I. Et si la revalorisation constitutionnelle et parlementaire venait (enfin) du juge ?

On le sait, le juge constitutionnel français a d’abord été conçu puis mis en place afin de contrôler le Parlement, dans le cadre des techniques dite de rationalisation du parlementarisme[8]. Ses premières décisions[9] se sont ainsi faites l’écho d’une mise en avant des prérogatives du seul gouvernement au détriment de celles des assemblées. Il y s’agissait, selon les mots célèbres de Michel Debre, d’une « arme contre la déviation du régime parlementaire[10] ».

Désormais, un changement s’opèrerait. La procédure et les faits litigieux sont les suivants : le projet de Loi « relatif à la mobilisation du foncier public en faveur du logement et au renforcement des obligations de production du logement social[11] » a d’abord été délibéré en conseil des ministres le 05 septembre 2012 et ce, après avoir été examiné en Conseil d’Etat le 03 septembre précédent. Comme il s’agit d’une des réformes importantes du « nouvel » exécutif qui tenait à ce que la norme soit adoptée au mieux et au plus vite, il a été décidé non seulement de recourir à la procédure accélérée[12] (art. 45 alinéa 02 de la Constitution) mais encore d’y procéder au sein d’une nouvelle session extraordinaire supplémentaire (art. 29 de la Constitution). En effet, pour ne pas avoir à attendre la nouvelle session ordinaire et annuelle débutant en octobre 2012 (et déjà très chargée), il a été acté de convoquer à nouveau le Parlement en session supplémentaire et ce, alors que les mois d’été précédents en avait déjà bénéficié[13]. En l’occurrence, c’est un décret du 04 septembre (modifié dès le lendemain) qui a procédé à la convocation parlementaire (à compter du 11 septembre suivant) et a acté le fait que le projet de Loi sur le logement social y serait au programme[14]. Partant, la Conférence des Présidents du Sénat (Chambre devant laquelle le projet était déposé le même jour ; 05 septembre 2012) a inscrit un débat en séance sur ledit texte au 11 septembre après-midi une fois que la Commission des Affaires Economiques s’est réunie en matinée pour procéder à l’examen[15]. Dès le 13 septembre, le Sénat a pu adopter le texte et c’est le 26 courant que l’Assemblée Nationale y a également procédé. Comme des dispositions restaient en discussion et n’avaient pas été votées de façon identique par les deux Chambres, une Commission Mixte Paritaire (CMP) a été réunie et les 09 et 10 octobre suivants, le Sénat et l’Assemblée Nationale ont voté le texte qui en résultait.
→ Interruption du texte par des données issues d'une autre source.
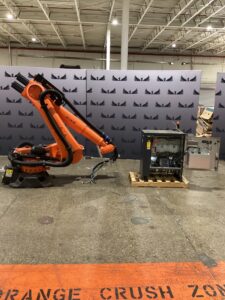 KUKA KR 120 R3900 ULTRA K/FLR ROBOT W/ KR C4 CONTROLLER 6-AXIS 120KG 3900MM USED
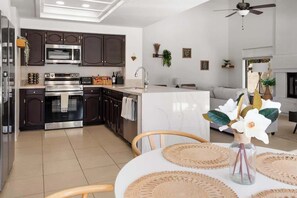 Fridge, microwave, oven, stovetop - Sleeps 18 | Beautiful Resort Style | Heated Pool (Scottsdale)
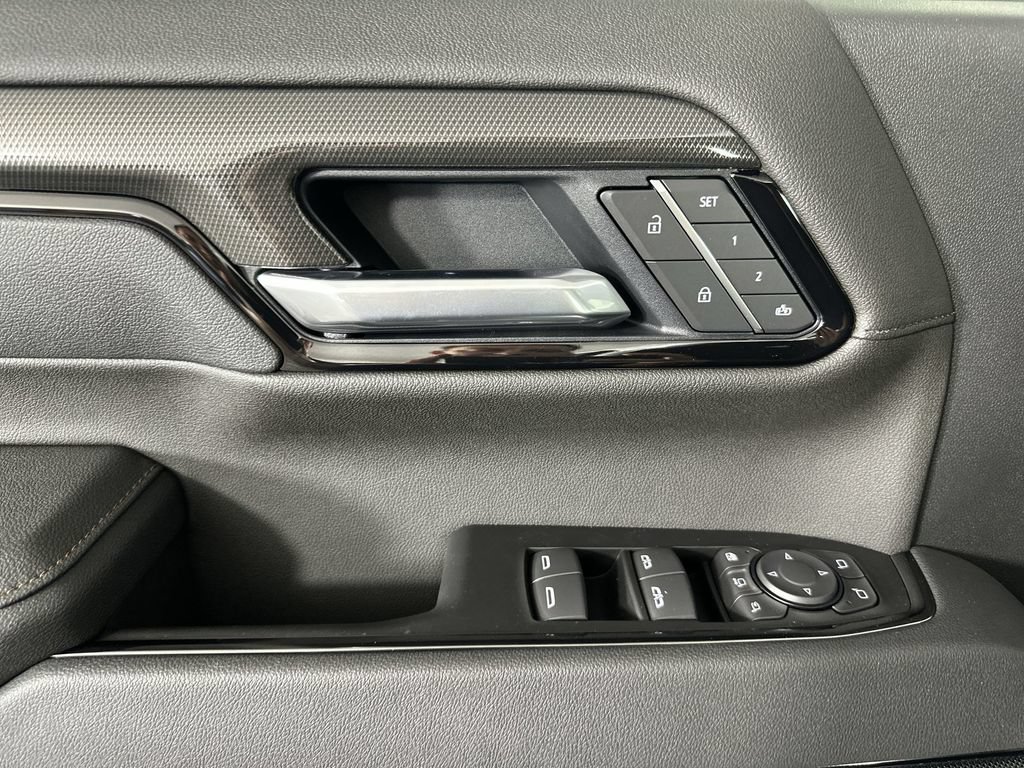New 2026 GMC Sierra 2500 AT4 w/ Technology Package AWD/4WD image 25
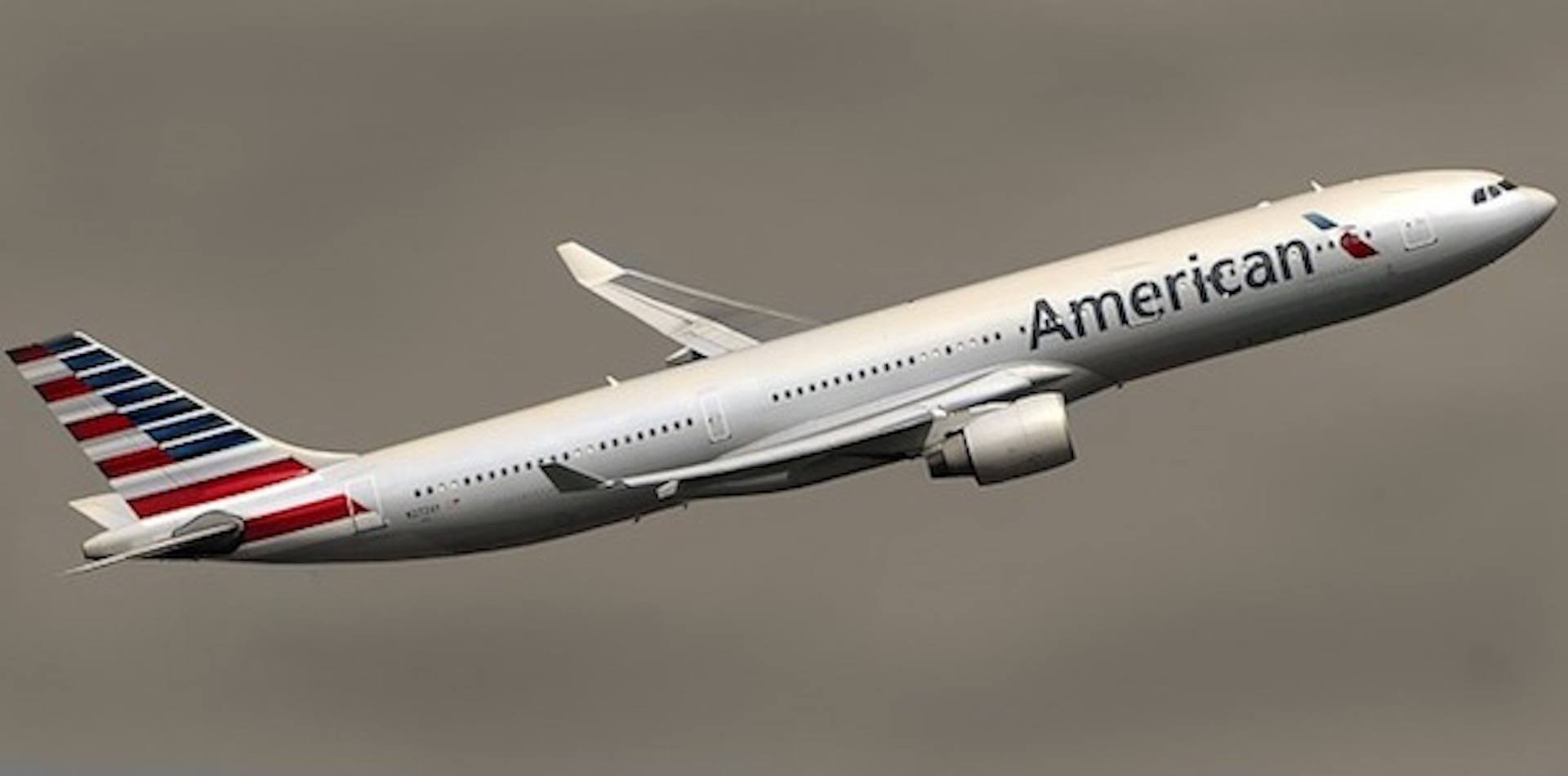 american airlines plane taking off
C’est ce même jour que la « petite Loi » a été soumise au contrôle du Conseil Constitutionnel par 160 sénateurs puis par 82 députés (le 13 octobre 2012).

Sans même examiner (pour l’instant) le fond des dispositions de la Loi déférée devant lui, le Conseil s’est concentré sur la « constitutionnalité externe » du texte[16] et a annulé l’ensemble du texte sous le seul motif de la contrariété à l’article 42 de la Constitution. En effet, retient-il pour fonder sa censure, « il ressort des termes de cet article que le constituant a entendu que, après inscription à l’ordre du jour (…), la discussion d’un projet ou d’une proposition de loi porte en séance sur le texte adopté par la commission saisie en application de l’article 43 ». Or, relèvent les dix juges de la rue de Montpensier (en la présence de l’ancien Président Giscard d’Estaing), si la Commission des Affaires Economiques du Sénat a bien « conclu ses travaux le matin même en adoptant « le projet de loi ainsi modifié » », malgré « l’adoption de ce projet par la commission permanente compétente, l’examen du texte en séance publique (…) a porté sur le texte du projet de loi dont le Sénat avait été saisi ».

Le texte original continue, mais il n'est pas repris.